HESI LPN
HESI Focus on Maternity Exam
1. As women reach the end of their childbearing years, does ovulation become more regular?
- A. TRUE
- B. FALSE
- C. Rarely
- D. Always
Correct answer: B
Rationale: The correct answer is B: FALSE. As women age and reach the end of their childbearing years, ovulation becomes less regular due to hormonal changes associated with menopause. This can result in irregular ovulation patterns or even the cessation of ovulation entirely. Choice A is incorrect because ovulation does not become more regular with age. Choices C and D are also incorrect as they do not accurately reflect the changes in ovulation patterns that occur as women approach the end of their childbearing years.
2. When caring for a pregnant woman with cardiac problems, the nurse must be alert for the signs and symptoms of cardiac decompensation. Which critical findings would the nurse find on assessment of the client experiencing this condition?
- A. Regular heart rate and hypertension.
- B. Increased urinary output, tachycardia, and dry cough.
- C. Shortness of breath, bradycardia, and hypertension.
- D. Dyspnea, crackles, and an irregular, weak pulse.
Correct answer: D
Rationale: In pregnant women with cardiac problems, signs of cardiac decompensation include dyspnea, crackles, an irregular, weak, and rapid pulse, rapid respirations, a moist and frequent cough, generalized edema, increasing fatigue, and cyanosis of the lips and nailbeds. Choice A is incorrect as a regular heart rate and hypertension are not typically associated with cardiac decompensation. Choice B is incorrect as increased urinary output and dry cough are not indicative of cardiac decompensation, only tachycardia is. Choice C is incorrect as bradycardia and hypertension are not typically seen in cardiac decompensation; dyspnea is a critical sign instead.
3. Is a low sperm count or lack of sperm the most common infertility problem in men?
- A. TRUE
- B. FALSE
- C. Rarely
- D. Never
Correct answer: A
Rationale: A low sperm count or lack of sperm is indeed one of the most common causes of infertility in men. Factors such as hormonal imbalances, genetic issues, reproductive anatomy problems, and lifestyle factors can also contribute to male infertility. Choice B is incorrect because a low sperm count is a prevalent issue among men facing infertility, making it a common problem. Choices C and D are incorrect as they do not accurately reflect the prevalence of low sperm count as a cause of infertility in men.

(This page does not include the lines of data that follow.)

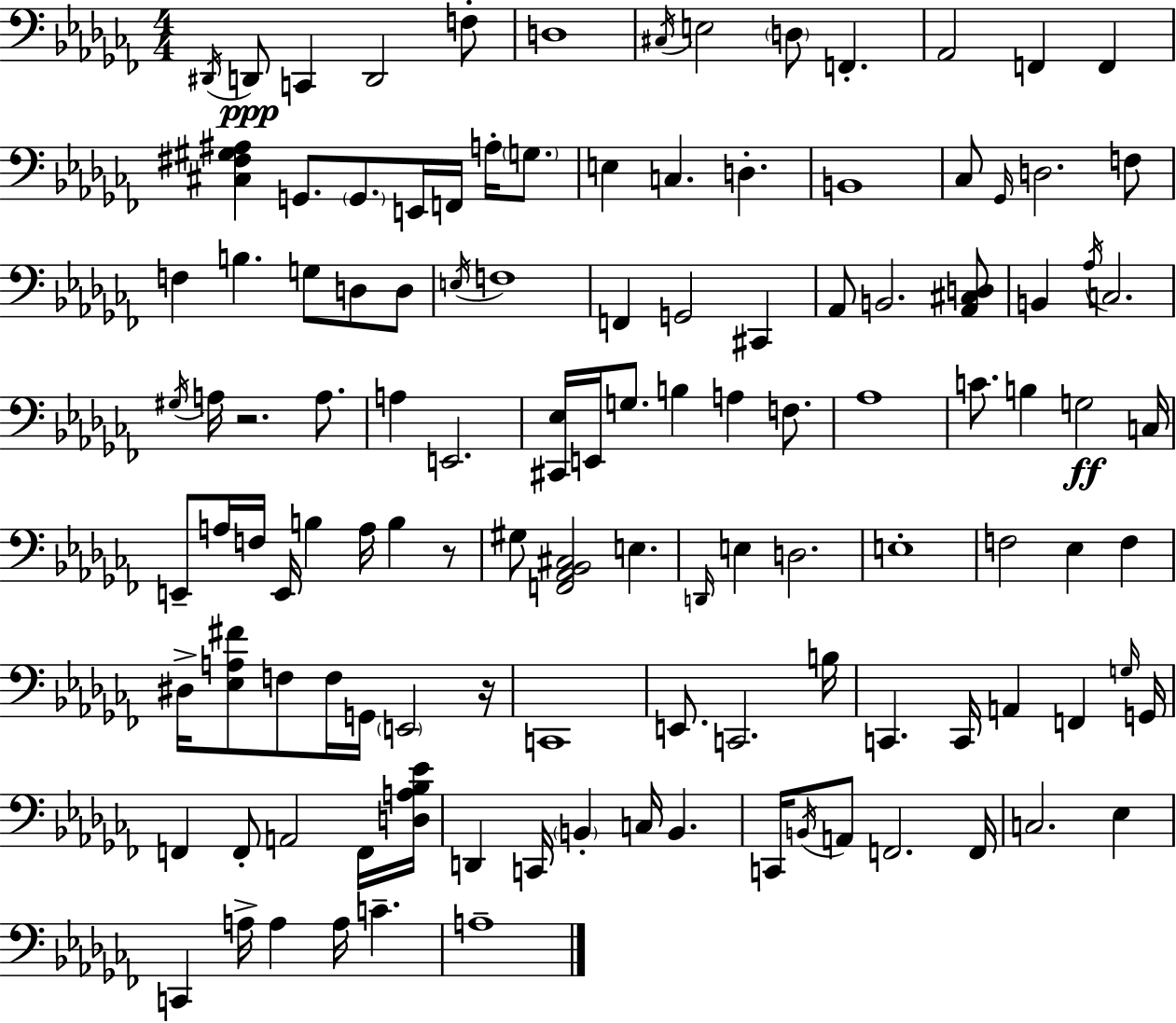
{
  \clef bass
  \numericTimeSignature
  \time 4/4
  \key aes \minor
  \acciaccatura { dis,16 }\ppp d,8 c,4 d,2 f8-. | d1 | \acciaccatura { cis16 } e2 \parenthesize d8 f,4.-. | aes,2 f,4 f,4 | \break <cis fis gis ais>4 g,8. \parenthesize g,8. e,16 f,16 a16-. \parenthesize g8. | e4 c4. d4.-. | b,1 | ces8 \grace { ges,16 } d2. | \break f8 f4 b4. g8 d8 | d8 \acciaccatura { e16 } f1 | f,4 g,2 | cis,4 aes,8 b,2. | \break <aes, cis d>8 b,4 \acciaccatura { aes16 } c2. | \acciaccatura { gis16 } a16 r2. | a8. a4 e,2. | <cis, ees>16 e,16 g8. b4 a4 | \break f8. aes1 | c'8. b4 g2\ff | c16 e,8-- a16 f16 e,16 b4 a16 | b4 r8 gis8 <f, aes, bes, cis>2 | \break e4. \grace { d,16 } e4 d2. | e1-. | f2 ees4 | f4 dis16-> <ees a fis'>8 f8 f16 g,16 \parenthesize e,2 | \break r16 c,1 | e,8. c,2. | b16 c,4. c,16 a,4 | f,4 \grace { g16 } g,16 f,4 f,8-. a,2 | \break f,16 <d a bes ees'>16 d,4 c,16 \parenthesize b,4-. | c16 b,4. c,16 \acciaccatura { b,16 } a,8 f,2. | f,16 c2. | ees4 c,4 a16-> a4 | \break a16 c'4.-- a1-- | \bar "|."
}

4. Before meiosis, a sperm cell:
- A. contains 46 chromosomes.
- B. contains two X chromosomes.
- C. is significantly larger than an egg cell.
- D. contains both an X and a Y chromosome.
Correct answer: A
Rationale: Before meiosis, a sperm cell contains 46 chromosomes. This is because sperm cells, like other somatic cells, have a diploid number of chromosomes. During meiosis, the number of chromosomes is halved to 23 to combine with an egg cell during fertilization. Choice B is incorrect because a sperm cell carries either an X or a Y chromosome, not both (Choice D). Choice C is incorrect as sperm cells are generally smaller than egg cells, which is an adaptation that aids in motility and penetration of the egg during fertilization.

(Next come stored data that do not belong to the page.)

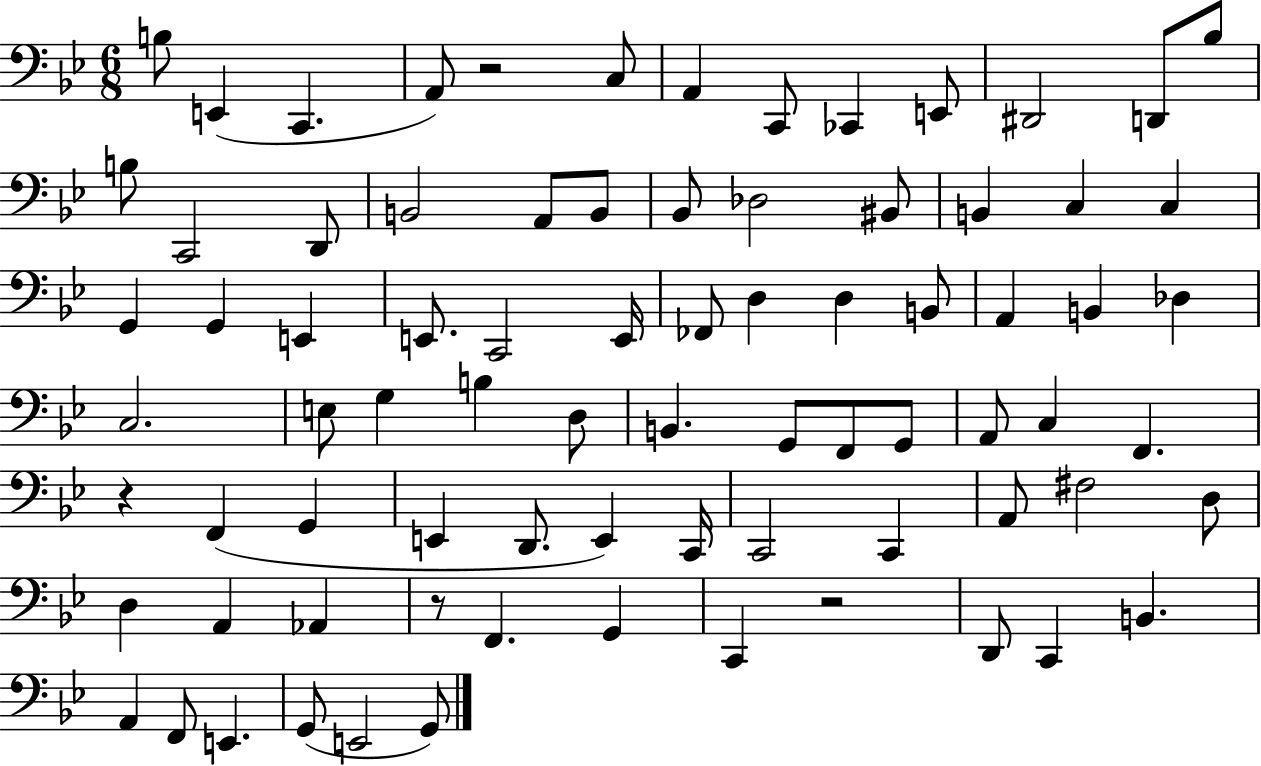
X:1
T:Untitled
M:6/8
L:1/4
K:Bb
B,/2 E,, C,, A,,/2 z2 C,/2 A,, C,,/2 _C,, E,,/2 ^D,,2 D,,/2 _B,/2 B,/2 C,,2 D,,/2 B,,2 A,,/2 B,,/2 _B,,/2 _D,2 ^B,,/2 B,, C, C, G,, G,, E,, E,,/2 C,,2 E,,/4 _F,,/2 D, D, B,,/2 A,, B,, _D, C,2 E,/2 G, B, D,/2 B,, G,,/2 F,,/2 G,,/2 A,,/2 C, F,, z F,, G,, E,, D,,/2 E,, C,,/4 C,,2 C,, A,,/2 ^F,2 D,/2 D, A,, _A,, z/2 F,, G,, C,, z2 D,,/2 C,, B,, A,, F,,/2 E,, G,,/2 E,,2 G,,/2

5. A primigravida at 36 weeks gestation who is RH-negative experienced abdominal trauma in a motor vehicle collision. Which assessment finding is most important for the nurse to report to the healthcare provider?

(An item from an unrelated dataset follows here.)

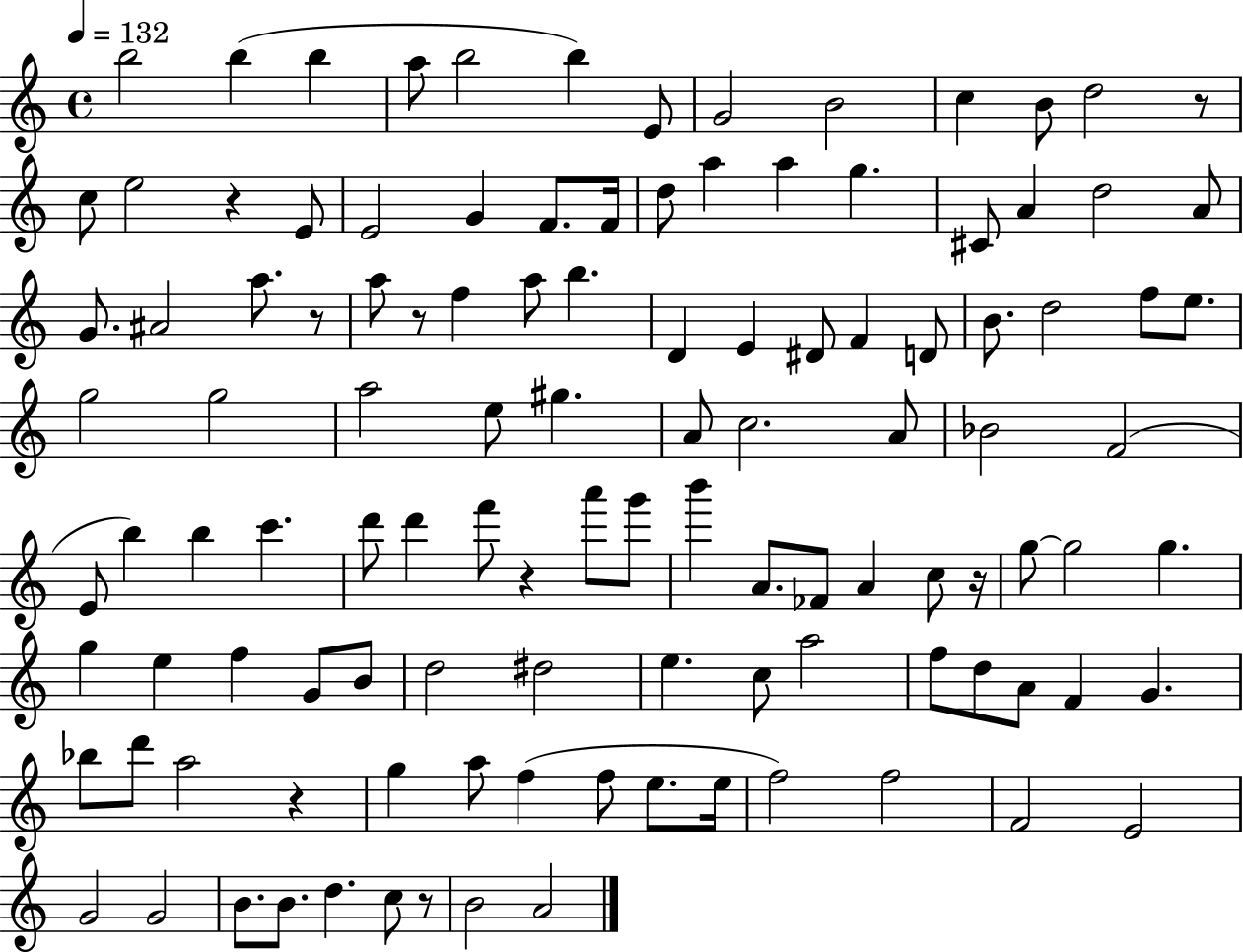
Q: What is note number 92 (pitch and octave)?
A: F5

- A. Fetal heart rate at 162 beats per minute
- B. Mild contractions every 10 minutes
- C. Trace of protein in the urine
- D. Positive fetal hemoglobin testing
Correct answer: D
Rationale: The correct answer is 'Positive fetal hemoglobin testing' (D). Positive fetal hemoglobin testing (Kleihauer-Betke test) indicates fetal-maternal hemorrhage, which is critical in an RH-negative mother due to the risk of isoimmunization. This condition can lead to sensitization of the mother's immune system against fetal blood cells, potentially causing hemolytic disease of the newborn in subsequent pregnancies. Reporting this finding promptly is crucial for appropriate management and interventions. Choices A, B, and C are not as critical in this scenario. While monitoring fetal heart rate and contractions is important, the detection of fetal-maternal hemorrhage takes precedence due to the serious implications it poses for the current and future pregnancies of an RH-negative mother.